Having had studied Japanese and the culture, as well as having had grown up on anime, let’s just say I was incredibly excited for this book. I have a genuine love for kitsune and have even started writing a mg/ya book with a kitsune (I doubt I’ll ever finish). So I can say I thoroughly enjoyed the plot of this book.
It gave me an overall reminiscence of Inuyasha, and not only because of all that Japanese stuff. The structure of the story made me think, this could easily be broken up into short episodes. Something happens and is then resolved, all along the course of our long term journey. This made for excellent pacing for taking breaks as I progressed through the story.
One thing that sort of irked me was how much repetitiveness was written in. Some feelings/reactions/decisions were overly explained and brought up multiple times. This added unnecessary length to a decently long story.
The World Building
This book is flush with Japanese culture, setting, and even language. For the common reader this should help immerse the them into the story, as after each instance an explanation or definition is given, providing full understanding. For me, with my already researched knowledge it made the story feel like it dragged a little bit. I think it was just because it was all stuff I already knew about.
Another thing I found odd was how much the act of seppuku was thrown out into the conversation so casually. The characters made it seem like the smallest shame would enact the ritual, including the mentioning it for the Emperor, who wouldn’t necessarily follow bushido because he is in a different class than samurai.
I loved Yumeko. She was cute, naive, and hopeful. She was the type of endearing character that you want to root for. I really liked that Tatsumi was fighting with a literal inner demon and that he wasn’t a jerk because he was a tough samarai, but because of the emotions that connecting with people could produce and therefore giving the demon access to him.
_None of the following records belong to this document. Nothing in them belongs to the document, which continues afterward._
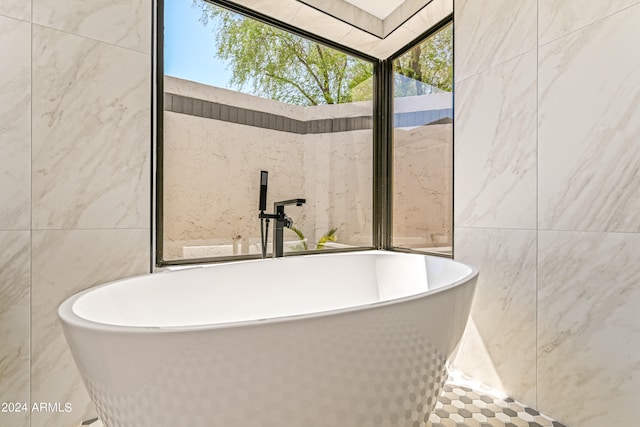 bathroom featuring a bathtub and tile walls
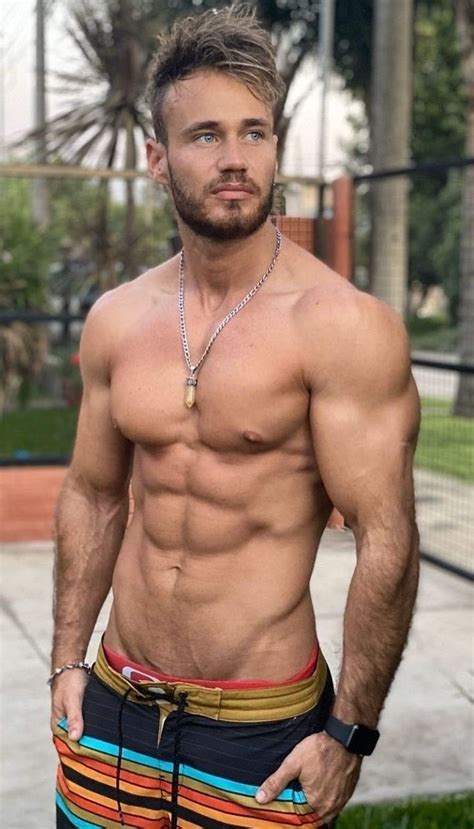 A Shirtless Man With No Shirt Standing In Front Of A Fence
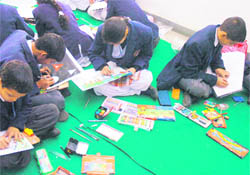 A painting competition held in connection with Traffic Week in Jammu on Monday.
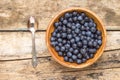 Clay bowl with fresh wild berries on wooden background Royalty Free Stock Photo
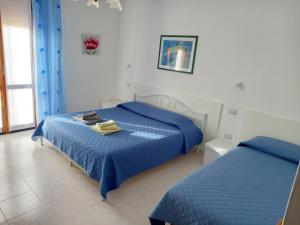 een slaapkamer met 2 bedden en blauwe dekbedden bij Alghero Tour in Alghero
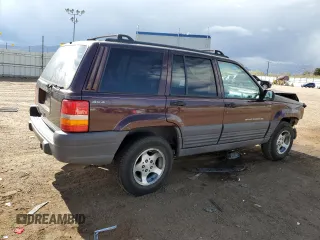 1997 Jeep Grand Cherokee Laredo with VIN 1J4GZ58S1VC747713, listed as a Copart auction lot 55290275 with 159,846 mi miles and Salvage title. Bid and sale history available at DreamBid. Image 3.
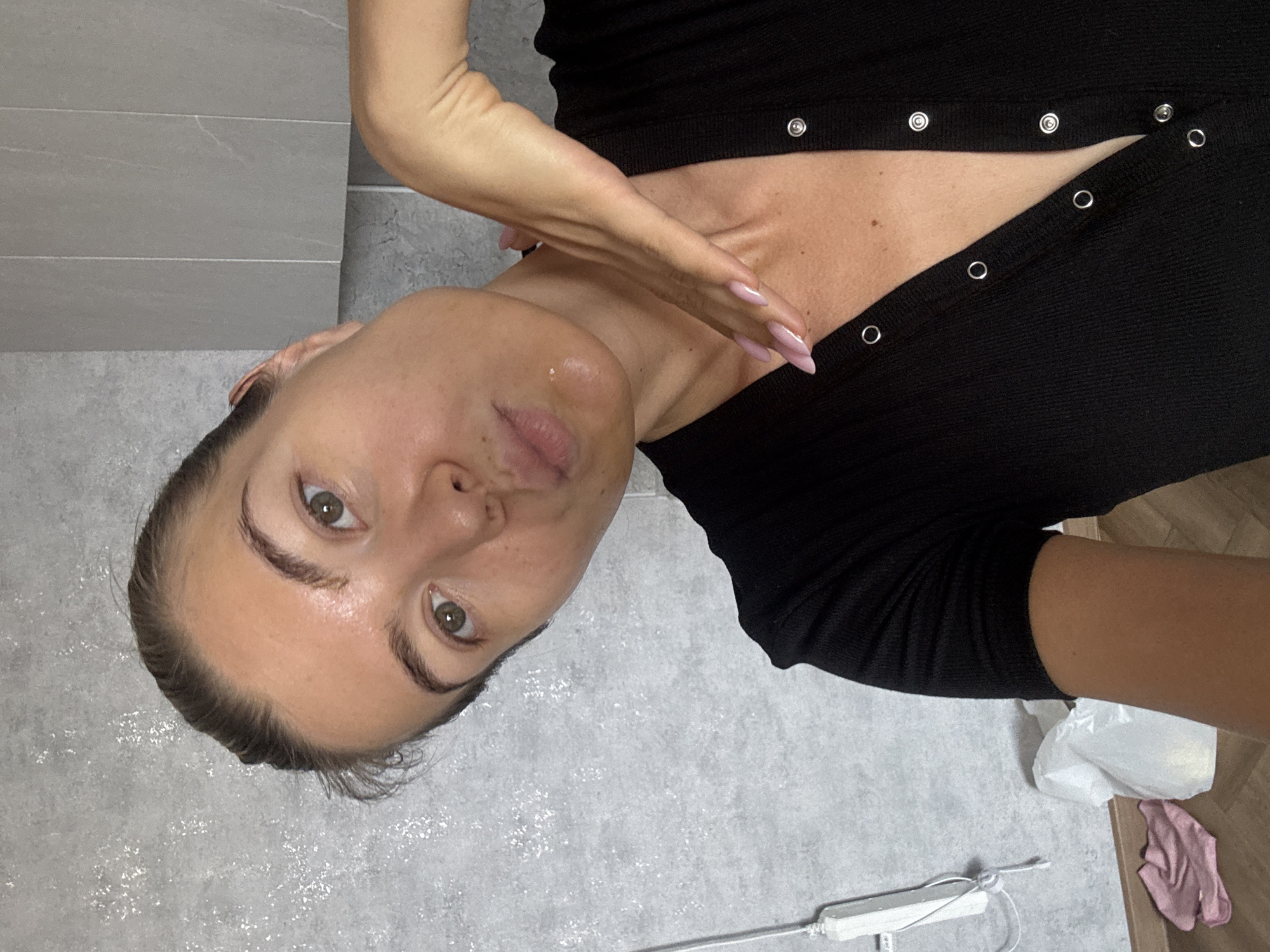 A young woman with her hair pulled back is taking a selfie in a dimly lit room. She is wearing a black, ribbed, short-sleeved top with silver snaps down the front. Her left hand is resting on her neck, and her right hand is raised to her face. The background is a gray tiled wall. To the left of the woman, a white plastic bag and a pink cloth are on the floor, and a white electrical cord is attached to the wall.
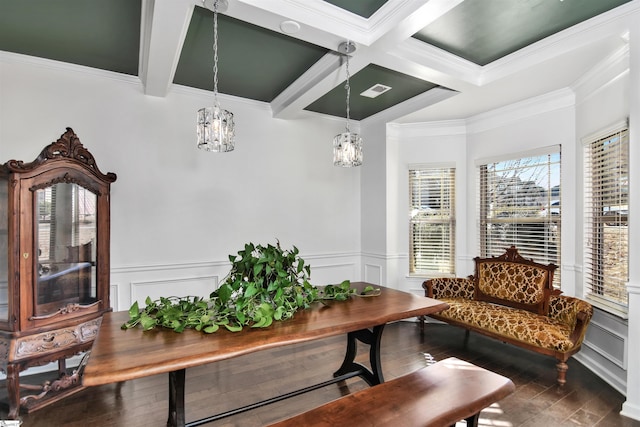 living area with dark hardwood / wood-style flooring, beamed ceiling, a chandelier, and ornamental molding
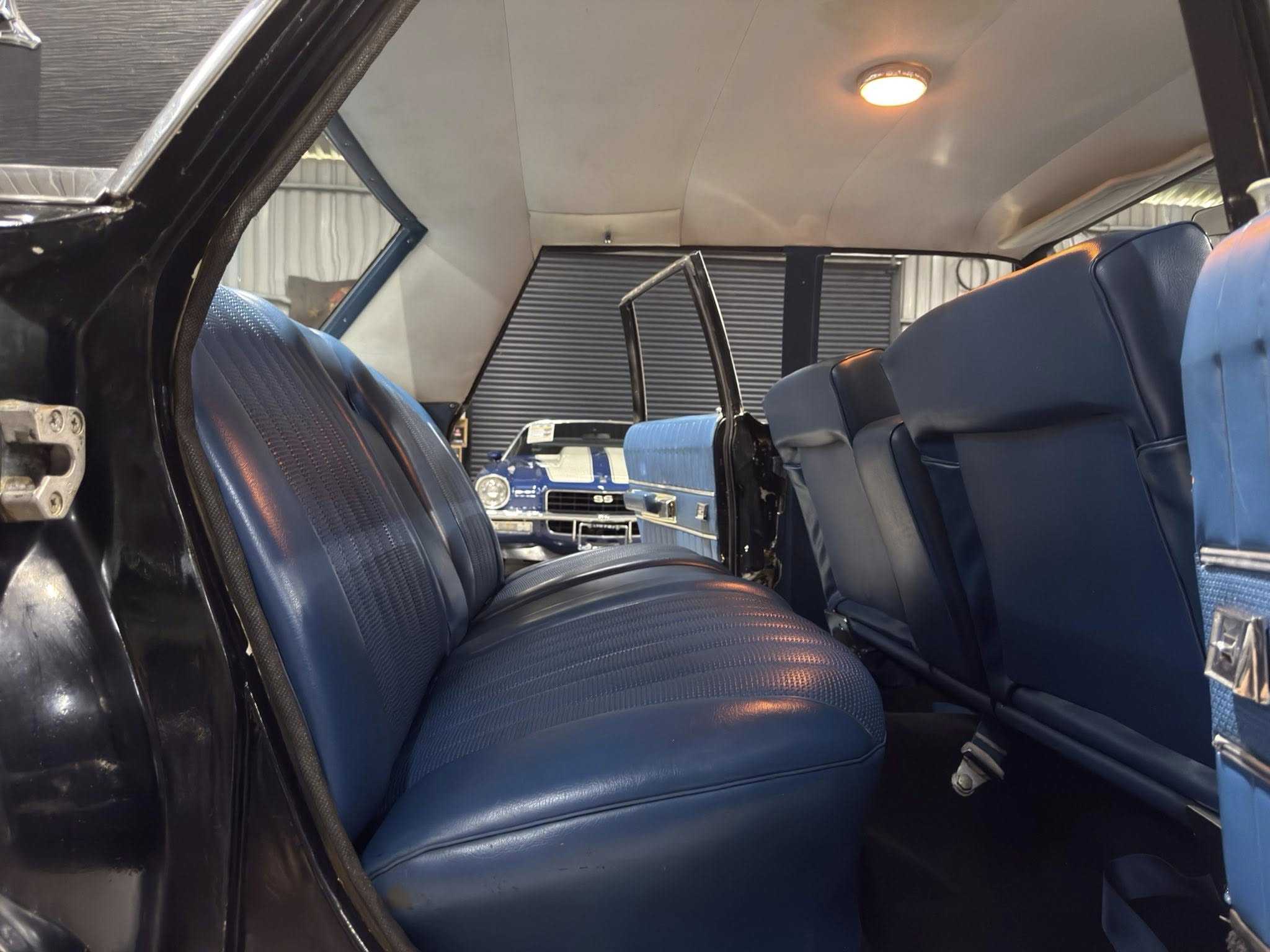 Interior of a blue vintage car with two rows of blue upholstered seats and a central aisle, in a garage setting.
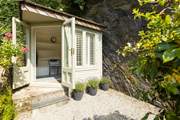 Escape to the sun-room at the top of the terraced gardens.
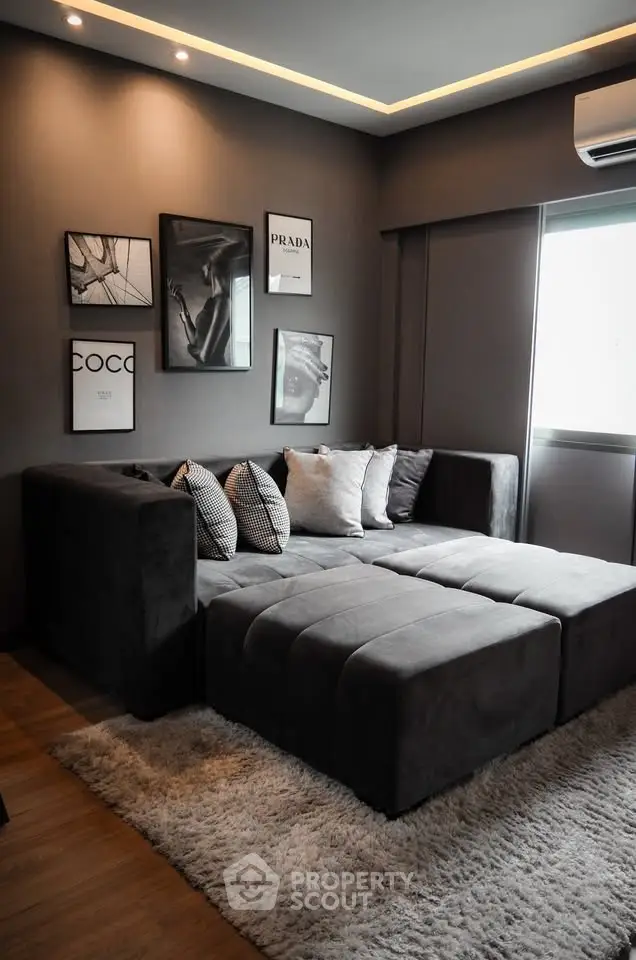 Luxurious modern living room with plush gray sectional sofa and stylish wall art.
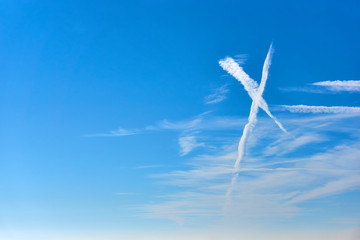 White clouds as an x shape sign against a saturated blue sky with copy space on the left   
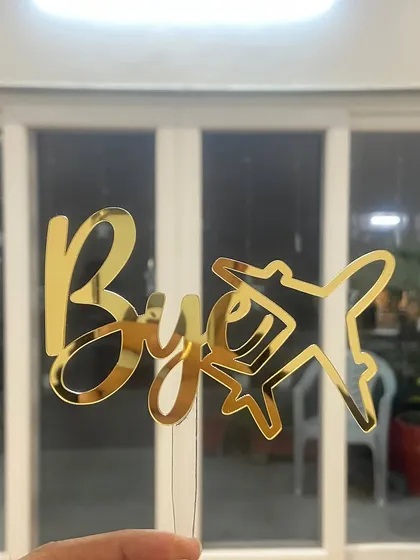 A fun "Bye Bye" topper with an airplane motif, perfect for a farewell party.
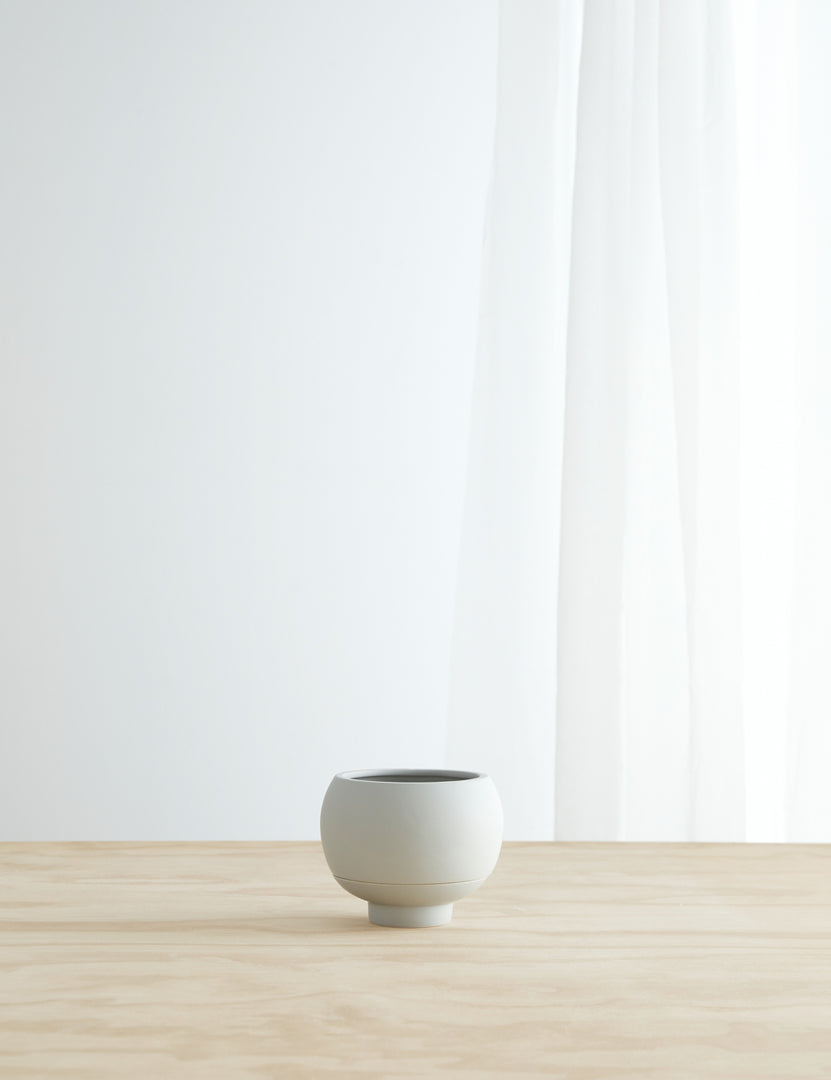 #color::cloud | Sutton Ceramic Self-Watering Planter by Greenery Unlimited in cloud grey sits on a wooden table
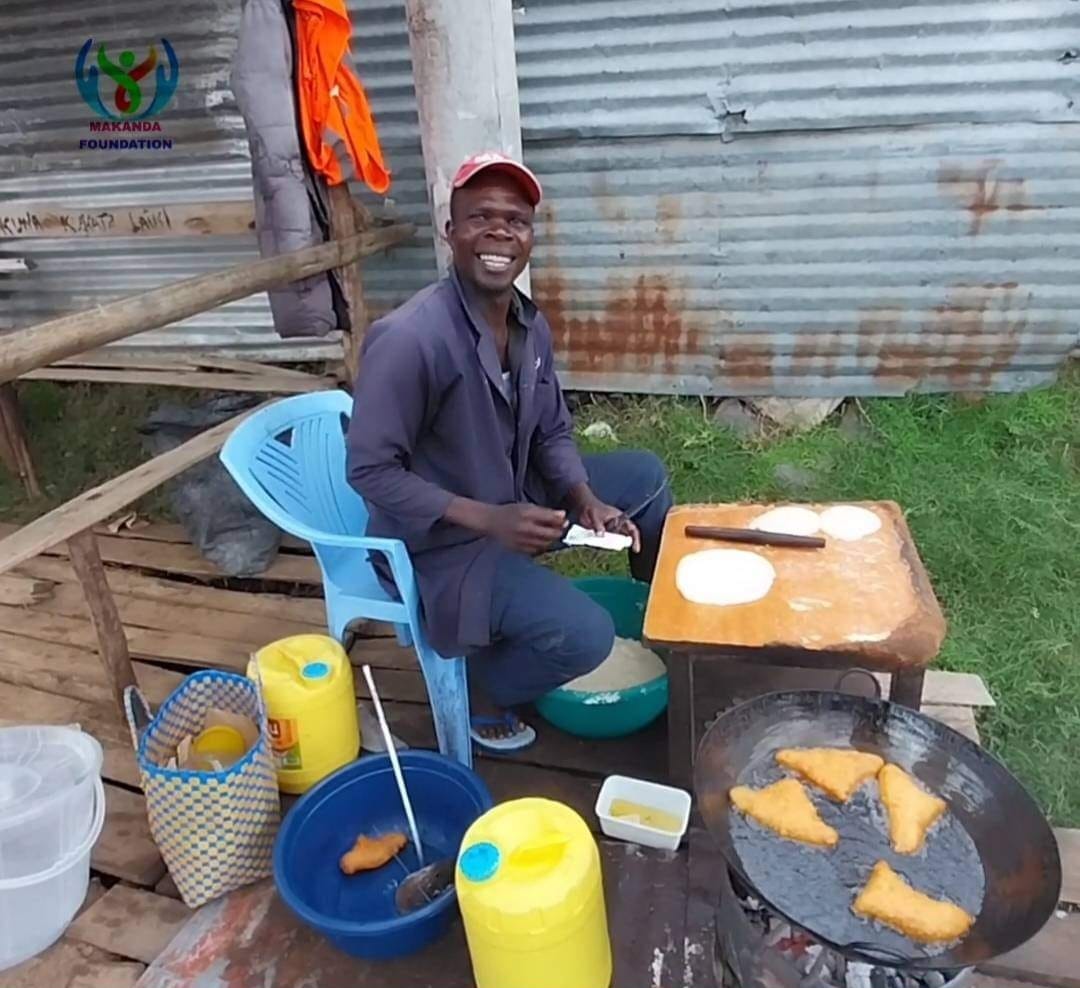 A man making mandazi in an open place.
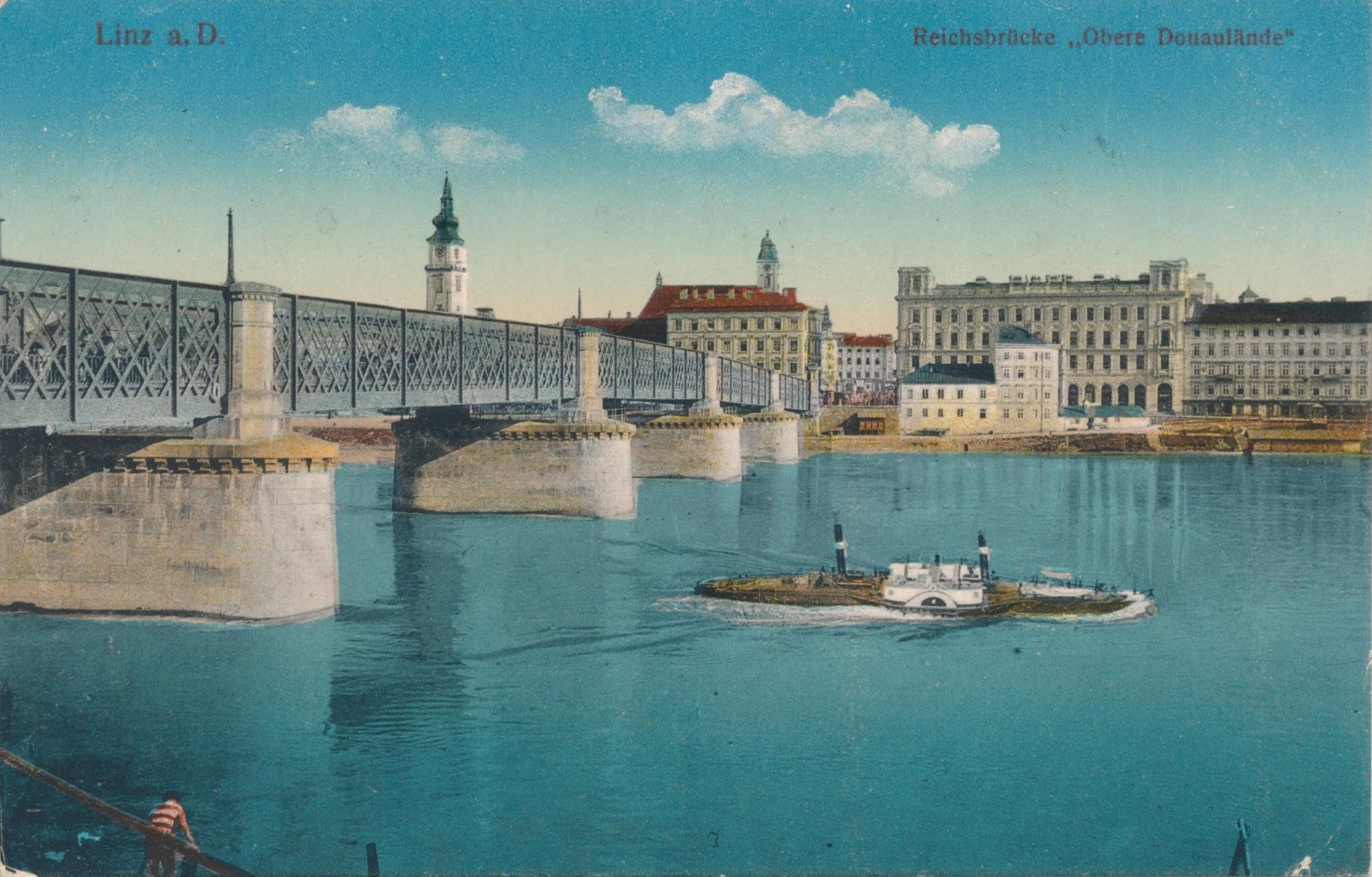 Brücke, Häuser, türkisblauer Fluss und Schiff.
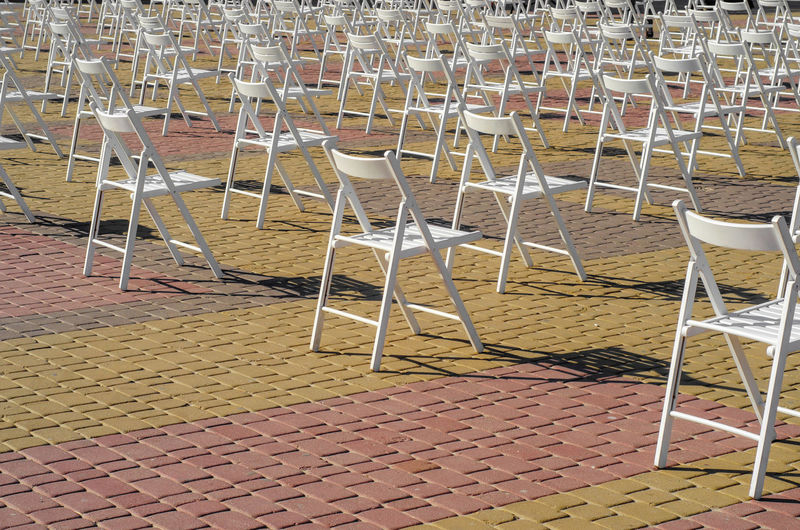 White folding chairs are placed on square on pavement. quarantine, events, a concert on street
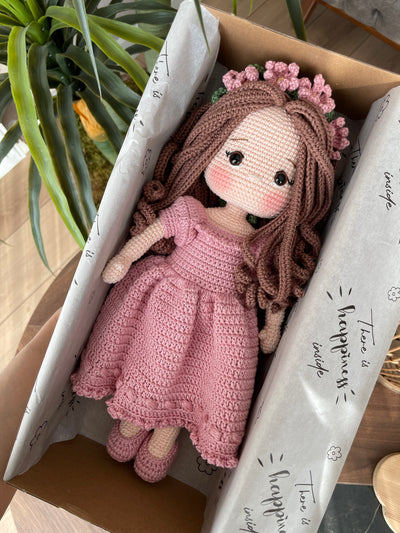 Handmade pink princess girl doll, crocheted using amigurumi technique. Features a beautiful dress and flower crown, customizable with a name on a leather label. Lying inside a gift box. Perfect for kids and collectors.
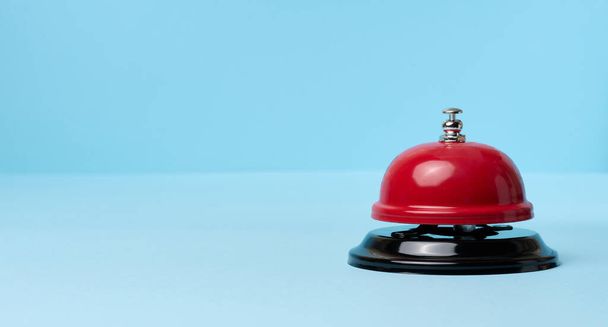Metallic red bell to call staff on a blue background, copy space - 写真・画像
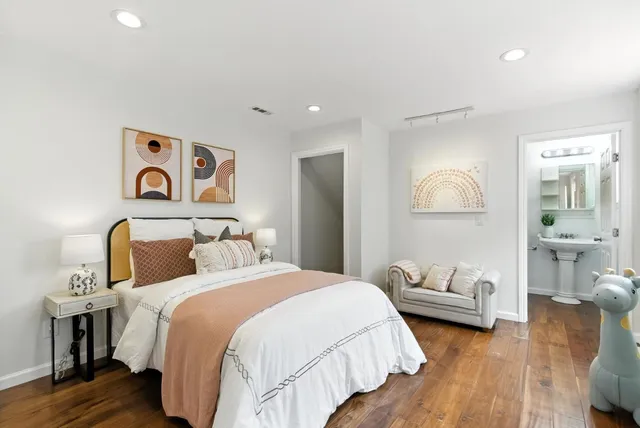 a bedroom with furniture and a window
There was one particular character that was the type to always have a comment, usually sarcastic. This character drove me nuuuuttts. His constant yammering really didn’t add anything to the story. I get developing himself as a sarcastic character. But whenever there was a conversation there was this added lightness that basically made a joke out of everything. It definitely took away from the solemnity of their situations.